Dr. King next outlines the procedure for nonviolent resistance: “collection of facts . . . negotiation, self-purification, and direct action.” He then addresses the clergymen’s accusations that he and his organization’s actions have been untimely and rash and that they should have worked through the city’s political and judicial channels. Negotiation, King assures, has been attempted but proven ineffective. Through the example of the Alabama Christian Movement for Human Rights’s protest against racial signs in stores, Dr. King proves that civil rights organizations in Birmingham have carefully considered their timing and methods: protesters were prepared with a series of workshops on nonviolence, and the protest itself was postponed a number of times so as to not interfere with the 1963 mayoral election in which they hoped to see Bull Conner defeated.

King acknowledges that the clergymen’s concern about his willingness to break laws is valid. However, King explains that there are two types of laws: just and unjust. To explain how one distinguishes between the two, King draws upon the writings of Christian theologian St.

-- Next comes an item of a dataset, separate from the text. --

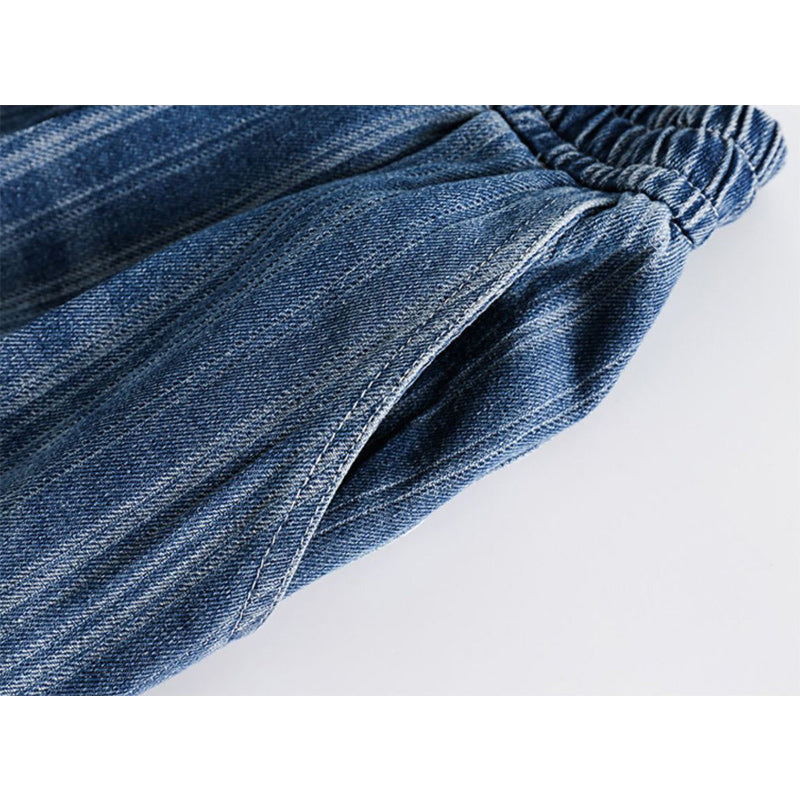 Washed Elastic Waist Straight Jeans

Thomas Aquinas and Jewish philosopher Martin Buber. Just laws are those that are aligned with “the moral law, or the law of God”; an unjust law goes against moral law. Any law that degrades a person to the status of a “thing,” as segregationist laws do, is “morally wrong and sinful.” Additionally, unjust laws can be identified by those who create and enforce them. A law that is “inflicted upon a minority” that does not apply in the same way to the majority is unjust, as is a law that applies to the minority when the minority did not help create it. 

Having demonstrated the differences between just and unjust laws, King then builds a case for civil disobedience, citing multiple examples from history. Biblical figures like Shadrach, Mesach, and Abednego were justified in their disobedience to Nebuchadnezzar because they were following the law of God. People who aided Jews in Hitler’s Germany, King reminds, were breaking the law, but certainly this was justified. 

King next expresses his disappointment in White moderates whose inaction proves that they value order over justice. He rejects the notion that his activity in Birmingham is to be condemned because it leads to violence: this is like blaming the victim of a robbery because he possessed money that led to the robbery. 

Dr. King’s tactics have been described as “extremist” by the clergymen, and when he first read their letter, he rejected the label: he has given the people a way to channel their discontent in a peaceful way. However, upon reflection, King is satisfied to be called extreme, and he reminds the clergymen that great biblical and historical figures were labeled as extremists too. What matters is not one’s label as an extremist, but the motives behind their extremism: “Will we be extremists for hate, or will we be extremists for love?”

Having defended his actions and methods in leading the civil rights movement in Birmingham, King then critiques the behavior of the Southern churches. While some advocate for desegregation, many insist on complying with the segregationist laws. The Christian church was powerful in the days when its members sought to shape and alter society and to align it with moral law. They, too, were labeled as “outsiders” and blamed for disturbing the peace. Whether or not the Southern churches come to the aid of the civil rights movement, King has confidence that freedom will be achieved, because it is both God’s will and the very backbone of America. 

King closes by expressing his gratitude to Whites willing to stand beside African Americans in the civil rights struggle and his disappointment that the clergymen praise the Birmingham police rather than the nonviolent demonstrators. The letter concludes with King asking the clergymen to forgive him if he has understated the truth and God to forgive him if he has overstated it. He signs it with the valediction “Yours for the cause of Peace and Brotherhood.”